D. Giuseppe, stando con il suo Vescovo, si rese conto delle principali necessità della sua Diocesi e del Piemonte di quel tempo in generale. Ebbe l’occasione di vivere qualche tempo a Roma, durante il Concilio ecumenico Vaticano I. Fece una grande esperienza di Chiesa universale e si sentì particolarmente felice per la proclamazione di S. Giuseppe a Patrono della Chiesa universale e dell’infallibilità del Papa. Tornato ad Asti, oltre a fare il segretario fu un ottimo direttore di spirito e confessore fedele.

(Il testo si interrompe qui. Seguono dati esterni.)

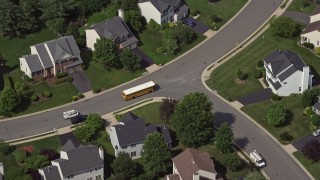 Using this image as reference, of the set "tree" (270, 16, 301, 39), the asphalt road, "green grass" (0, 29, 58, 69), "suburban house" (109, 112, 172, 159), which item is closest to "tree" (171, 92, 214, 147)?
"suburban house" (109, 112, 172, 159)

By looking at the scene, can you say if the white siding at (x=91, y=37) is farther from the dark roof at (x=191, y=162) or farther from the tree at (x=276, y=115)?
the tree at (x=276, y=115)

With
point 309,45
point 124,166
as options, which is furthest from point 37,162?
point 309,45

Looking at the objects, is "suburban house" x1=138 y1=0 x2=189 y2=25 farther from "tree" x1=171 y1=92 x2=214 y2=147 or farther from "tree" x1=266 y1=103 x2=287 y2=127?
"tree" x1=266 y1=103 x2=287 y2=127

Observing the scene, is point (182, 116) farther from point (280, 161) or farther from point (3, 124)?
point (3, 124)

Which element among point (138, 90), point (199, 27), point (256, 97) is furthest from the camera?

Rendendosi conto dei bisogni per la gioventù, ma anche per tante parrocchie spesso scoperte per lunghi periodi, prima cercò qualcuno che si impegnasse a trovare una soluzione a tali ed anche ad altri problemi, poi si sentì in dovere di impegnarsi in prima persona giungendo, il 14 marzo del 1878, a radunare intorno a sé i primi quattro fratelli.
Nasceva nell’orfanotrofio Michelerio di Asti, la ‘Compagnia di S. Giuseppe’. Furono in principio solo fratelli laici, poi giunse anche D. Giovanni Cortona e la compagnia si aprì alla realtà del ministero sacerdotale, in aiuto ai parroci, nel fare catechismo e tutto ciò che fosse ritenuto utile guardando alla gioventù, ma anche agli anziani abbandonati ed ai malati cronici.

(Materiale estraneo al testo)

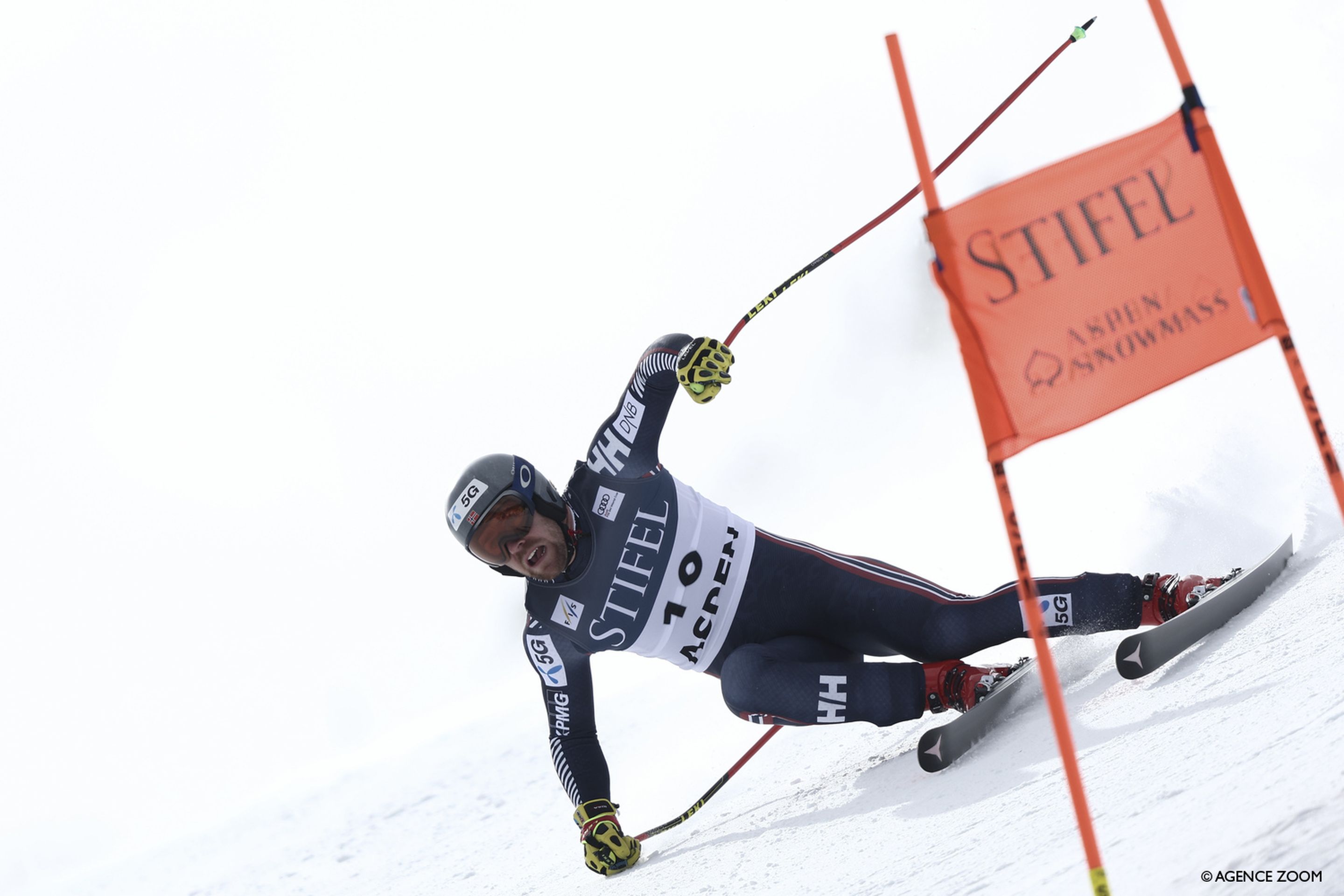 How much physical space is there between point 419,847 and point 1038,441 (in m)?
3.51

Aveva solo 44 anni quando Leone XIII lo chiamò a guidare la Diocesi di Acqui. Gli restava poco da vivere ormai, ma lui non lo sapeva e comunque si dedicò con tutte le sue forze alla conoscenza ed alla guida di quella porzione di Chiesa che Dio gli aveva affidato. E’ significativo che nei soli sei anni di episcopato sia riuscito a visitare tutti i paesi della Diocesi, estremamente sparsa come territorio e con paesi difficili allora da raggiungere.
Si fece amare da tutti per la sua condiscendenza, per il suo saper soffrire, tante volte, in silenzio; per il suo sorriso. Eppure era un carattere forte. Continuò a guidare anche la piccola congregazione che aveva lasciato ad Asti ed a difenderla dai pericoli che rischiavano di soffocarla.
A soli cinquant’anni Dio lo chiamò a sé. L’ultima messa andò a celebrarla proprio al santuario della Madonna della Misericordia di Savona, là da dov’era partita la sua vocazione sacerdotale: era a Savona per celebrare le feste di S. Filippo Neri e non aveva disdetto l’impegno nonostante non si sentisse bene. Morì così lontano dai suoi, assistito soltanto dal suo Vicario Mons. Pagella che, come aveva promesso al Marello morente, difese e ottenne il riconoscimento della nascente Congregazione dei Padri Oblati di San Giuseppe.
La sua santità fu pubblicamente riconosciuta dalla Chiesa con la proclamazione a Beato fatta da Giovanni Paolo II il 26 settembre del 1993 ad Asti. In seguito al riconoscimento di un nuovo miracolo, questa volta in favore di due fratellini di uno sperduto villaggio delle Ande (Ranquish, Perù), lo stesso Giovanni Paolo II ha iscritto il nome del Marello nell’Albo dei Santi, il 25 novembre 2001, domenica di Cristo Re.
La Chiesa ne celebra il ricordo nel giorno della sua nascita al cielo, il 30 maggio di ogni anno.